After documenting that elevated levels of CHI3L1 correlate with ongoing fibrosis and scarring and that a lack of the protein associates with widespread cell death, the team engaged in several manipulations of CHI3L1 in mice to see how levels and the clinical outcomes might be related. (In mice, CHI3L1 is also called BRP-39.)
Scientists can induce an IPF-like response using a drug called bleomycin in mice, in which the researchers found levels of CHI3L1 declined at first, then surged. When the protein levels were low, cell damage occurred, and when the protein surged, excessive scarring set in. In previous research the team had engineered several lines of genetically modified mice. Some were transgenic and can produce CHI3l1 on chemically delivered command, while others were engineered to never produce BRP-39 — the mouse version of CHI3L1 — at all.
Using these mice, the researchers found if they triggered CHI3L1 production early after administering bleomycin, the mice fared well, experiencing less injury, less damage and less scarring than controls. However, if they waited several days after bleomycin to trigger CHI3L1, the mice fared very poorly and scarring and mortality increased.
Mice who couldn’t produce CHI3L1/BRP-39, had acute lung cell damage, analogous to AE patients who have a relative deficiency of CHI3L1. However, without CHI3L1 they did not generate much scarring.

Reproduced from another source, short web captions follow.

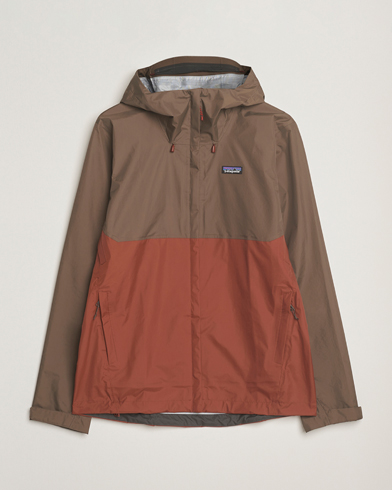Patagonia Torrentshell 3L Rain Jacket Marlow Brown – Marron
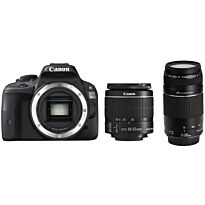 Canon EOS 4000D 18 MegaPixel Digital Camera with EF-S 18-55mm f/3.5-5.6 III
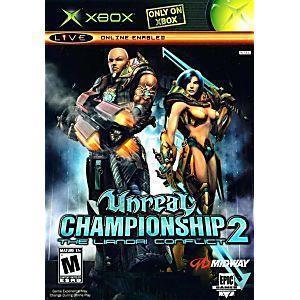 Unreal championship 2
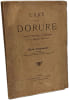 L'art de la dorure - trait&eacute; th&eacute;orique et pratique de la dorure sur bois. F&eacute;lix Genermont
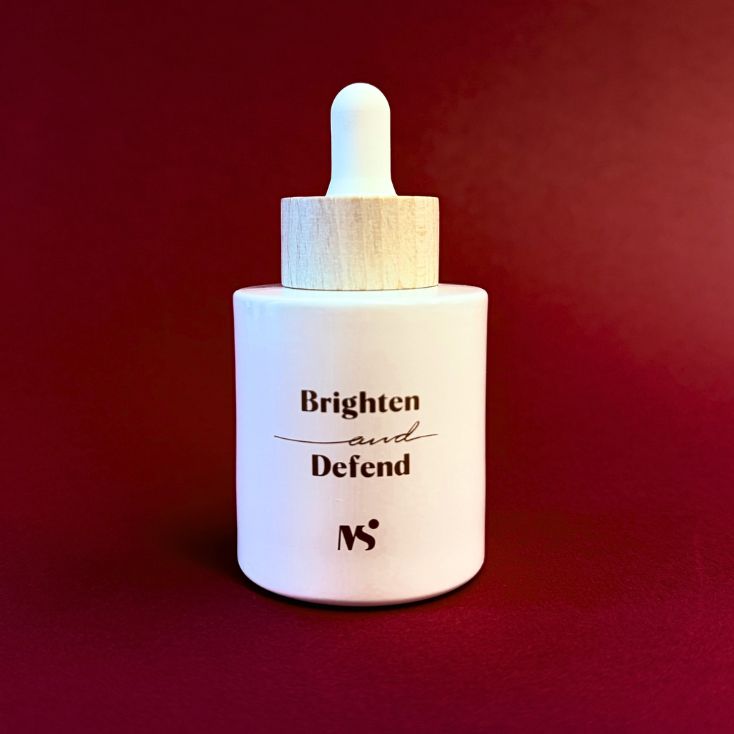 MedandSkin Brighten and Defend | Vitamin C Serum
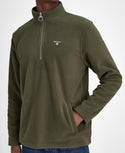 Barbour Essentials Half Zip Fleece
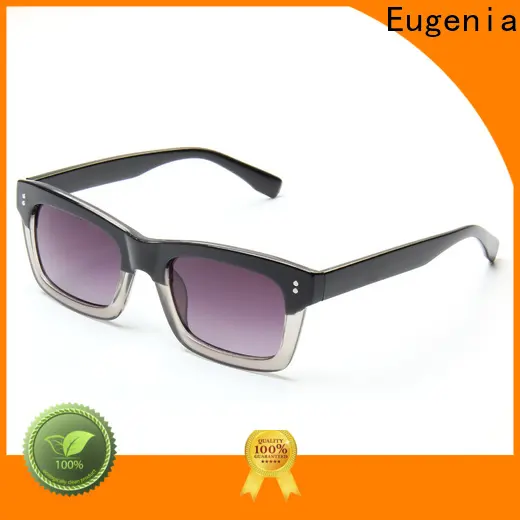 fashion unisex square sunglasses made in china for gift 1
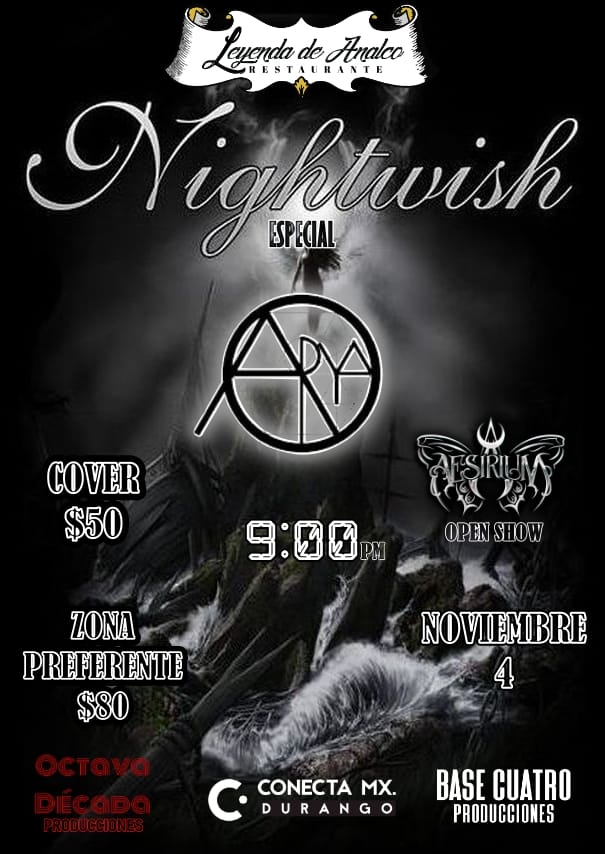 nightwish tributo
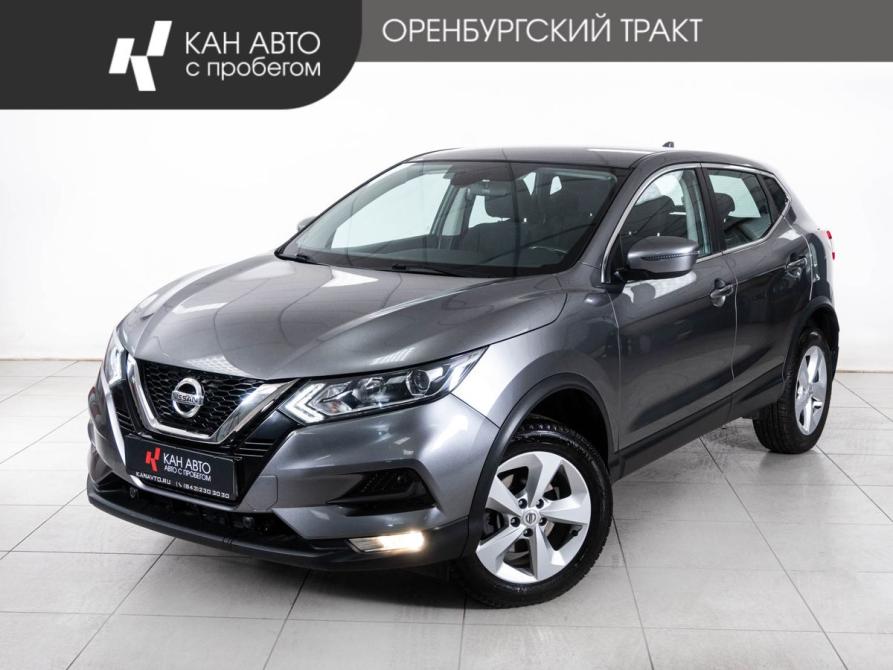 Nissan Qashqai II Рестайлинг Казань  - изображение 1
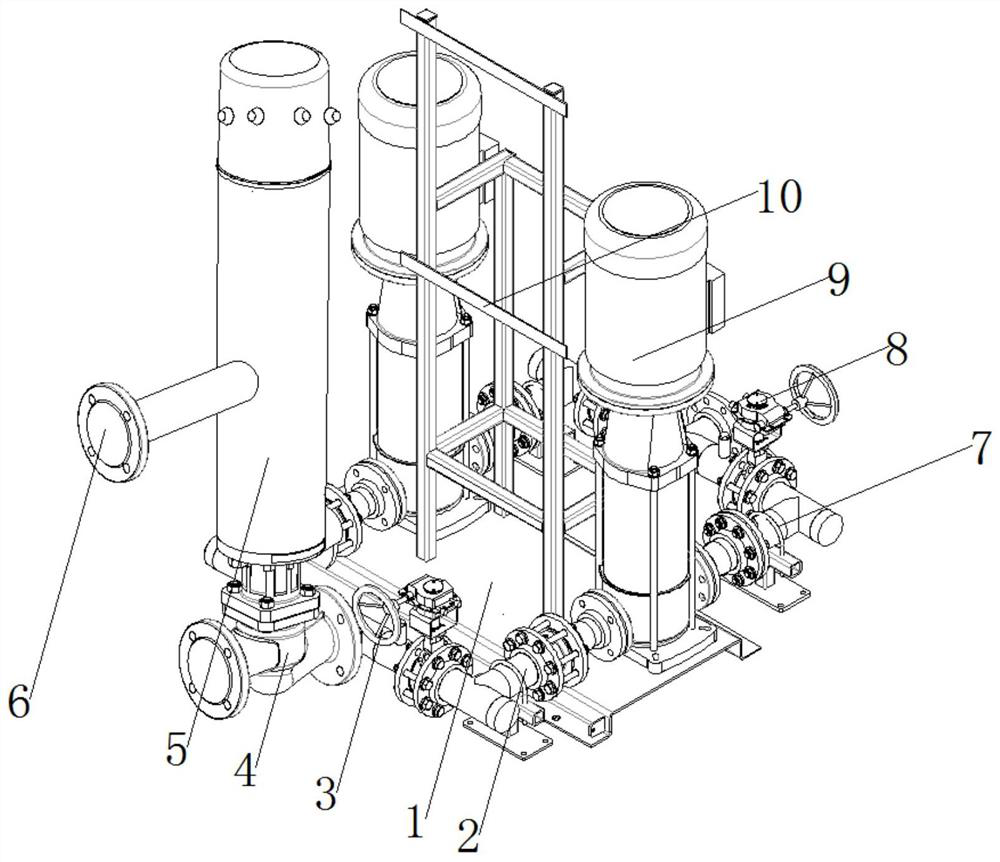 Outdoor intelligent fire hydrant installation monitoring device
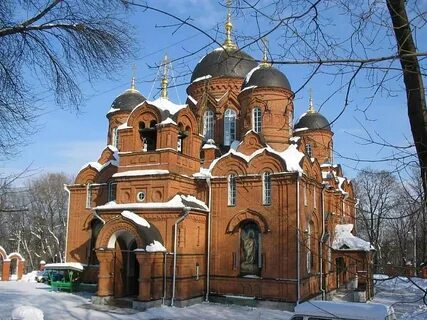 Сколько церквей в пензе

These findings were supplemented with several other experiments designed to demonstrate how CHI3L1 interacts with other cells involved in tissue repair response in both human and mouse lungs. The experiments, including studies conducted in a bioengineered 3-D model of lung tissue seeded with relevant cells, showed that CHI3L1 regulates a pathway that recruits cells, such as macrophages and fibroblasts, that produce the scarring, or fibrosis. In all, the results show that CHI3L1 plays a fundamental role in the course, if not the origin, of IPF. An ongoing buildup of it results in excessive scarring. Too little and cells die much more frequently.

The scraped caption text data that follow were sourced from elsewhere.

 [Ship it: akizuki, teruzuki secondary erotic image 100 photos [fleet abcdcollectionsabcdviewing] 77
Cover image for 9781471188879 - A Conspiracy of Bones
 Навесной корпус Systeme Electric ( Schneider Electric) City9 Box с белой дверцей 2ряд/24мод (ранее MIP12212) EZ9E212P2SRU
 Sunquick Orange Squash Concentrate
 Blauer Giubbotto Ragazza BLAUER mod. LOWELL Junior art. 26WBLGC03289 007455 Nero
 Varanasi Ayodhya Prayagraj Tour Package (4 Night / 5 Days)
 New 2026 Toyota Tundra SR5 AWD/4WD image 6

“To my knowledge this is the first comprehensive paper that’s been able to explain the many facets and presentations of IPF,” Dr. Elias observes. “It explains and links the injury and the repair responses that are critical in the disease. It also provides an explanation for the slowly progressing patients and the patients that experience acute exacerbations.”
Dr. Elias says he hopes the insights learned from the research will lead to new IPF therapies whose objective would be to preserve the cell-protecting function of CHI3L1, while tempering its ability to stimulate tissue scarring and repair.
“There may indeed be a way to do that,” Dr. Elias explains. “Some data suggest that the mechanisms for each CHI3L1 function cell protection and tissue repair involve different pathways and or receptors. In people, therefore, separate drugs could hypothetically enhance the injury prevention pathway and temper the repair pathway. Indeed, drugs that block a key repair pathway receptor exist and are undergoing testing in other diseases. This research lays the foundation for potential therapies that would be designed to diminish injury and ameliorate fibroproliferative repair.”
The National Institutes of Health (HL109033, UO1-HL-108638, 5U01HL112702 and R01-HL-093017), The American Thoracic Society, the Pulmonary Fibrosis Foundation, and Yale University supported the research. Dr. Elias has submitted a patent related to CHI3L1.